Migration of digital data from one format to another is a key strategy for the preservation of digital materials. The CAMiLEON project investigated the practicalities of a particular migration concept called Migration on Request [1]. A tool to migrate vector graphic files was developed to evaluate the technique.
A key principle behind Migration on Request is to preserve the software tool over time. The Migration on Request tool must be maintained in the future for as yet unknown systems and architectures. Important choices have to be made about how the program should be implemented in order to ensure that it remains portable.
C is a fairly small and simple language. It is well established and support exists on practically every platform. It seems likely that such support would be continued on future platforms due to the popularity of the language and the amount of legacy code that already exists.
Not all compilers are the same. One C compiler may encounter problems with some source code that another compiler will handle quite happily. The problem is partly due to compiler writers adding extra features or being lenient when checking programs against the language standards. The languages are still evolving - C90 allows variables to be declared anywhere in a program, whereas earlier standards require variables to be declared at the start of a block.
If there is a need to convert a C program to another language, this would be a fairly easy job were it not for a few parts of the language which are now accepted as bad practice and do not appear in modern language design. A restricted version, named C--, has been proposed by David Holdsworth of the CAMiLEON group [2]. C-- removes the "unhygenic" aspects of C.
The vector graphic Migration on Request tool was written in accordance with the suggestions for C-- (see Appendix A), along with some extra restrictions and recommendations described in this document.
C and C-- do not provide facilities for classes - an important facility for developing large, modern, applications. A little more ingenuity and some enforced consistency is required to simulate a similar method of programming. How this was done is described in this section.

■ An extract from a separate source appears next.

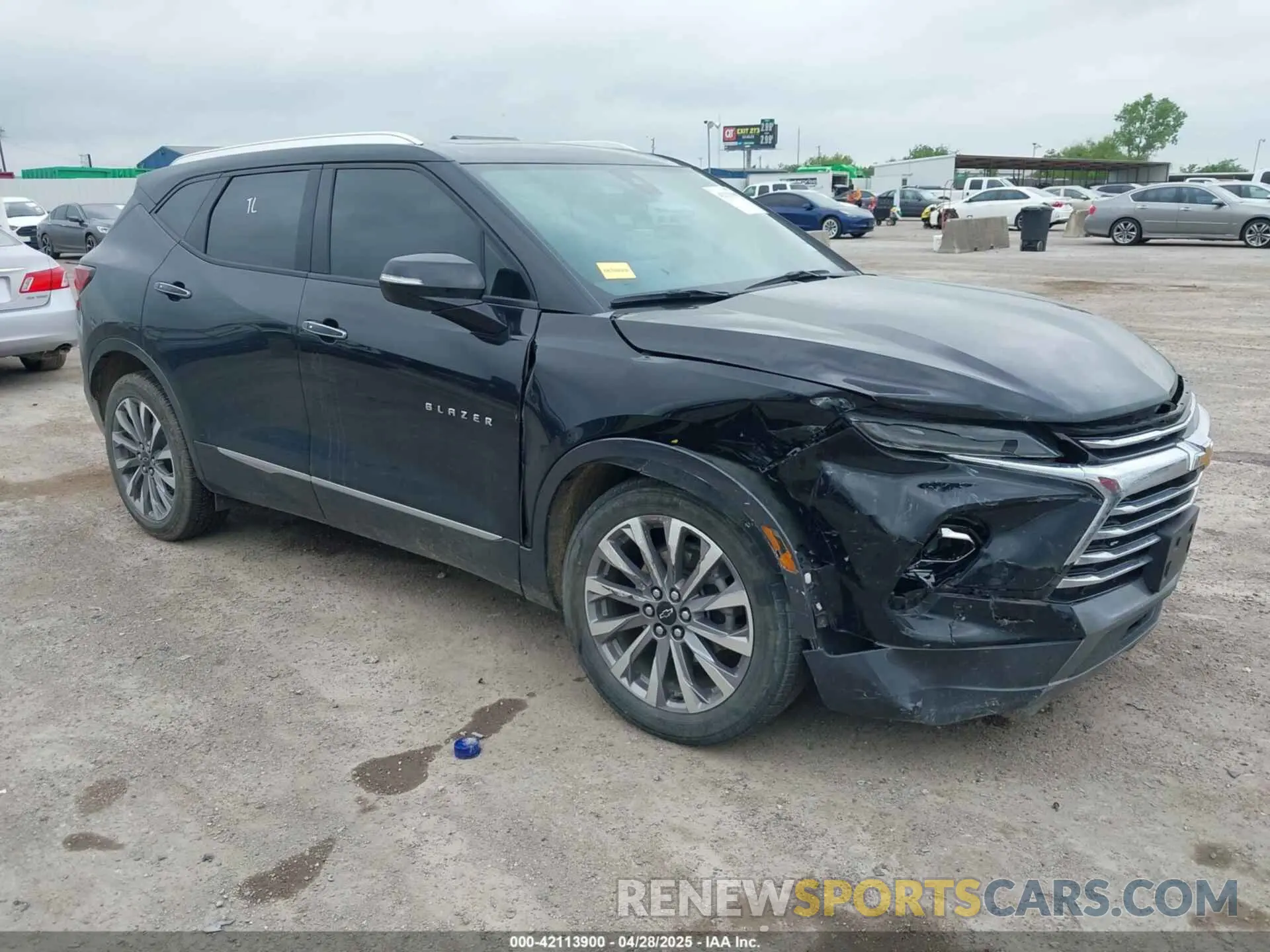 1 Photograph of a damaged car 3GNKBFRS7PS234947 CHEVROLET BLAZER 2023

C structures (struct) were used to create the data areas of an
object. Public and private member variables could be distinguished through
the use of special prefixes in their names. This could not be enforced by the
compiler - accessing a "private" variable directly would not therefore raise
an error or warning.
Class methods were simulated using ordinary functions. The function name was prefixed by the class name and an underscore; the first parameter would always be a pointer to the object on which the method was called.

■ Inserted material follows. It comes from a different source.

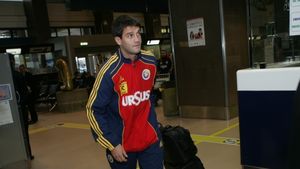 Adevăratul "vinovat"?** Giovani dezvăluie cine l-a convins pe Chivu să renunțe la națională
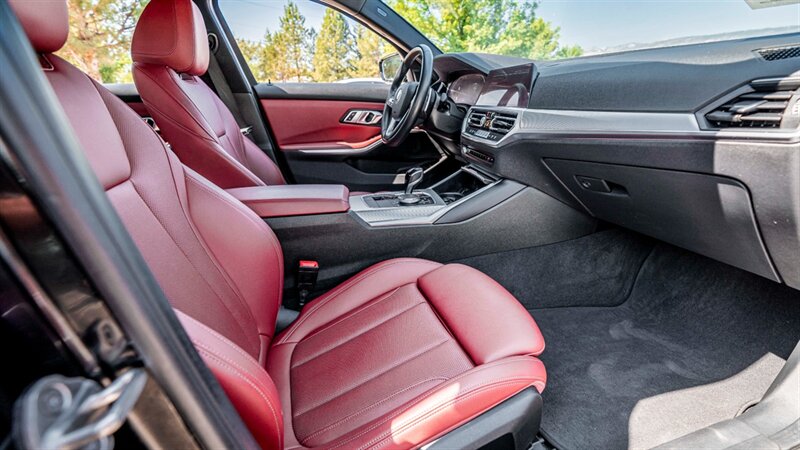 Vehicle image 20 of 41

It was required that several standard functions were written for each
class - new, destroy and copy.
These were to behave in a particular way, to simulate the constructors and
deconstructors, etc, found in object oriented programming.
This might sound like the organisational approaches that a programmer should be using anyway - just good software development and management skills. The idea is that when a suitable converter to another language is written, it should recognise these standard naming conventions, and from them be able to construct proper objects (or whatever the major construct of the next programming paradigm might be).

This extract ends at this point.